DATA LISTING
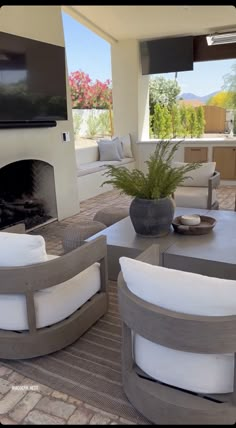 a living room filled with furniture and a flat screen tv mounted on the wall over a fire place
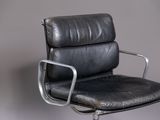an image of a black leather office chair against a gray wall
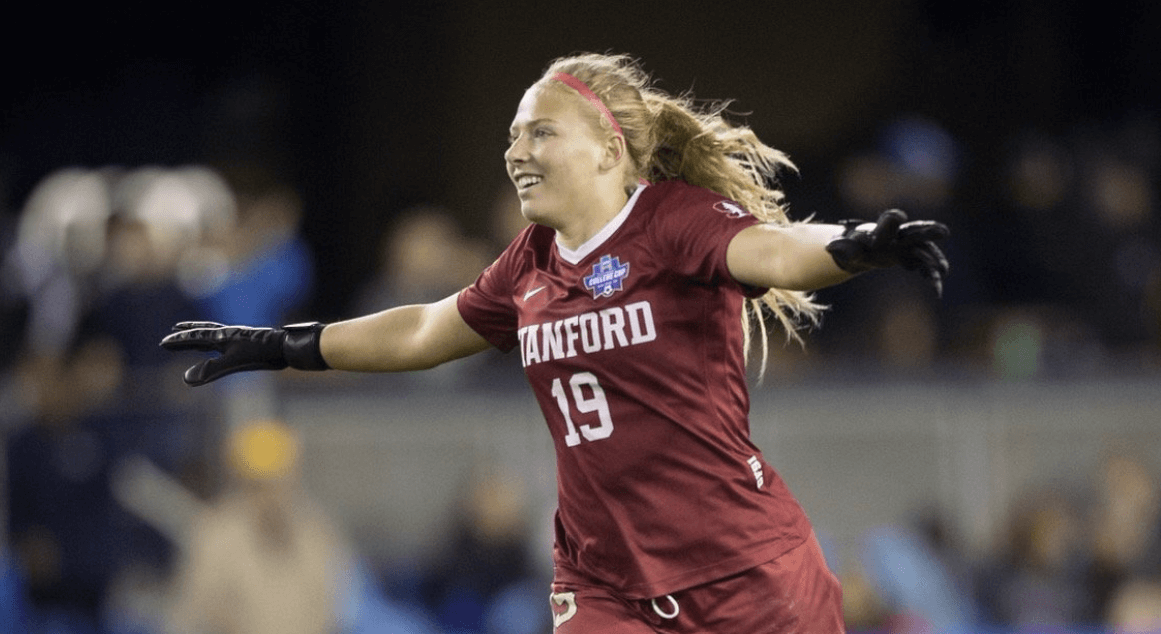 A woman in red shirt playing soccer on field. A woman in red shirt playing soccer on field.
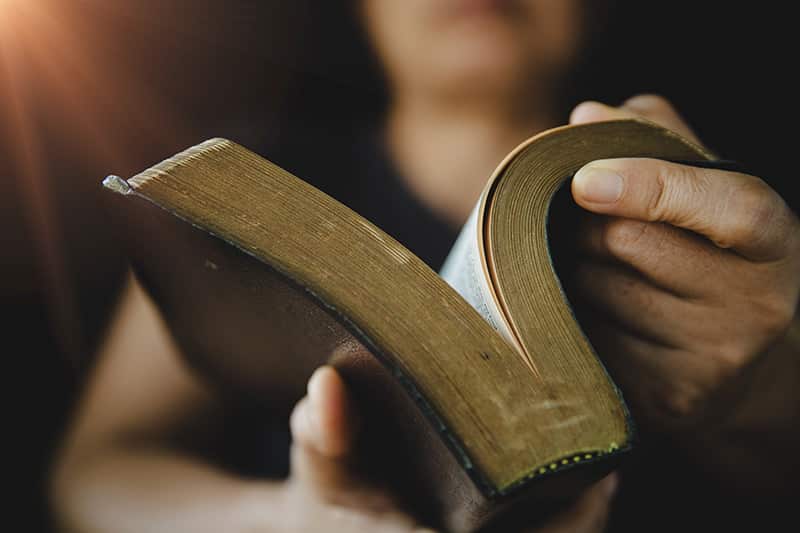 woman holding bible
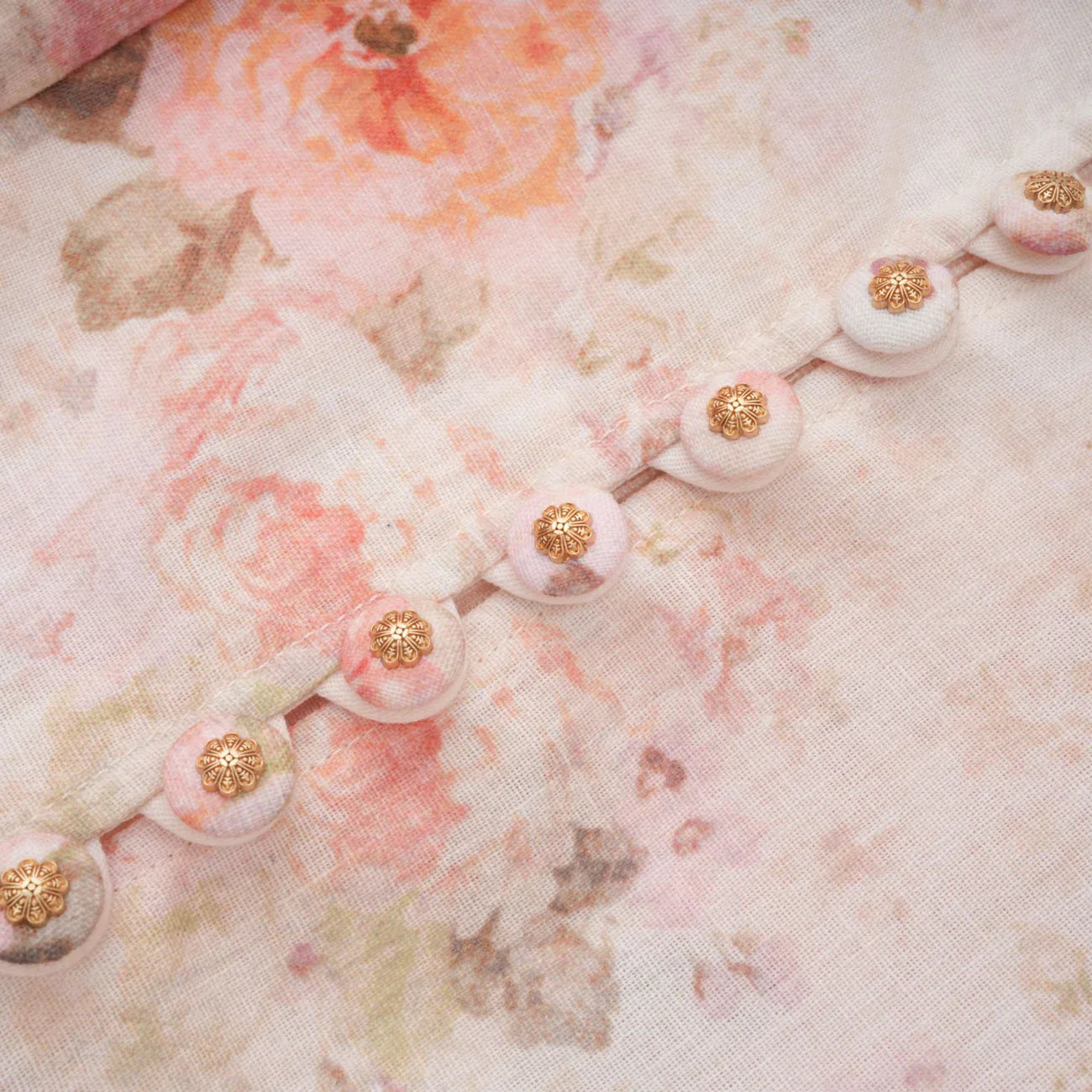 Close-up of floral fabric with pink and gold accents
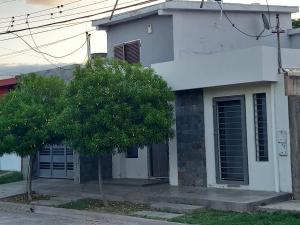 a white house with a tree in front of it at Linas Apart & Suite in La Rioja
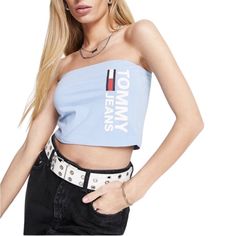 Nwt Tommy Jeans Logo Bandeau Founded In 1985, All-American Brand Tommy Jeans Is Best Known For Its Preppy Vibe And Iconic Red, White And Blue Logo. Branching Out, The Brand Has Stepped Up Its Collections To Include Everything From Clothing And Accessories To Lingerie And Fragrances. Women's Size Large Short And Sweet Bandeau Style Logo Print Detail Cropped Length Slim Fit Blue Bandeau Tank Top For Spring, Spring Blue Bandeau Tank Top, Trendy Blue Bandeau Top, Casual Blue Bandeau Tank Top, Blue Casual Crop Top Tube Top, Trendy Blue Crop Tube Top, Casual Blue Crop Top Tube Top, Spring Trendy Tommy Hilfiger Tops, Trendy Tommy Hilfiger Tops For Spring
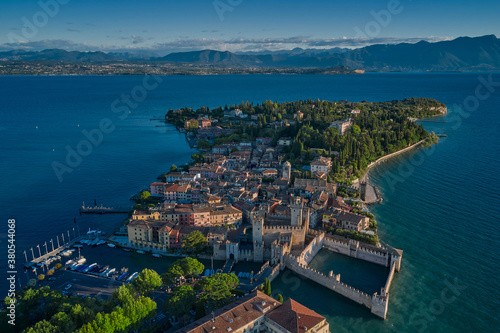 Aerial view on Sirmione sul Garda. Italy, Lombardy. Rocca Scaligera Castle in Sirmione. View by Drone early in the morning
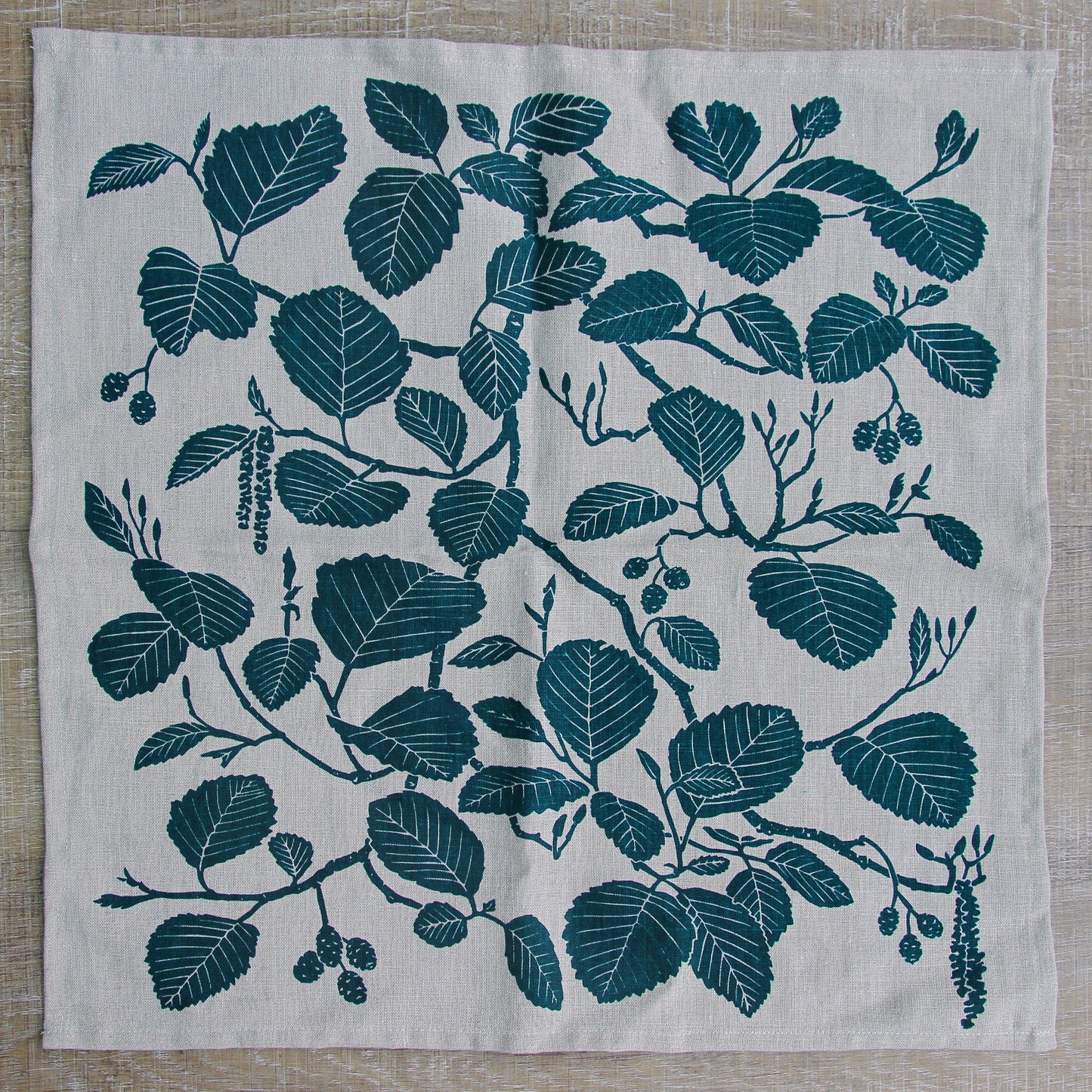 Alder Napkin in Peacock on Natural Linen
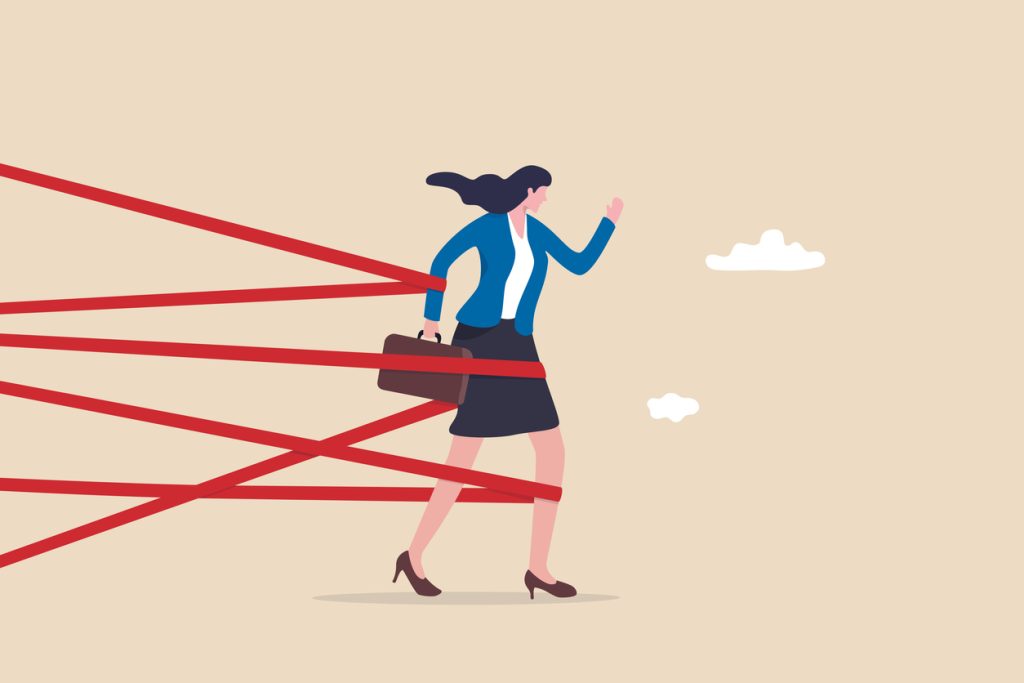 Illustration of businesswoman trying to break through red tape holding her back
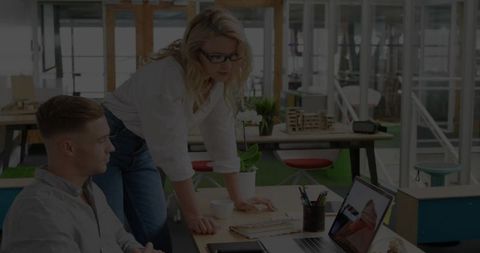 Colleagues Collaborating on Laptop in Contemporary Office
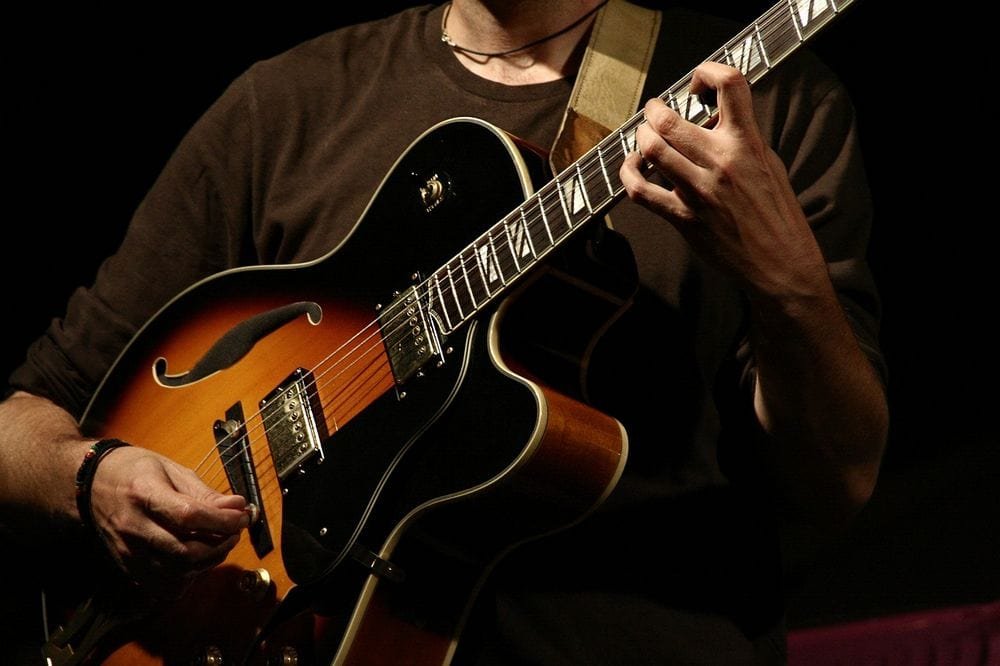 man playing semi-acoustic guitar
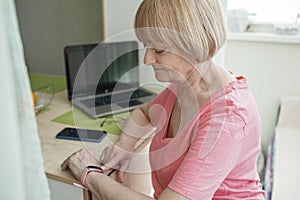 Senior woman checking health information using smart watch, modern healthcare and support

INSTRUCTIONS TO FOLLOW
The listing above is to be retyped exactly, with all pictures left out.

TASK OUTPUT
 a living room filled with furniture and a flat screen tv mounted on the wall over a fire place
an image of a black leather office chair against a gray wall
 A woman in red shirt playing soccer on field. A woman in red shirt playing soccer on field.
 woman holding bible
 Close-up of floral fabric with pink and gold accents
 a white house with a tree in front of it at Linas Apart & Suite in La Rioja
 Nwt Tommy Jeans Logo Bandeau Founded In 1985, All-American Brand Tommy Jeans Is Best Known For Its Preppy Vibe And Iconic Red, White And Blue Logo. Branching Out, The Brand Has Stepped Up Its Collections To Include Everything From Clothing And Accessories To Lingerie And Fragrances. Women's Size Large Short And Sweet Bandeau Style Logo Print Detail Cropped Length Slim Fit Blue Bandeau Tank Top For Spring, Spring Blue Bandeau Tank Top, Trendy Blue Bandeau Top, Casual Blue Bandeau Tank Top, Blue Casual Crop Top Tube Top, Trendy Blue Crop Tube Top, Casual Blue Crop Top Tube Top, Spring Trendy Tommy Hilfiger Tops, Trendy Tommy Hilfiger Tops For Spring
 Aerial view on Sirmione sul Garda. Italy, Lombardy. Rocca Scaligera Castle in Sirmione. View by Drone early in the morning
 Alder Napkin in Peacock on Natural Linen
 Illustration of businesswoman trying to break through red tape holding her back
 Colleagues Collaborating on Laptop in Contemporary Office
 man playing semi-acoustic guitar
 Senior woman checking health information using smart watch, modern healthcare and support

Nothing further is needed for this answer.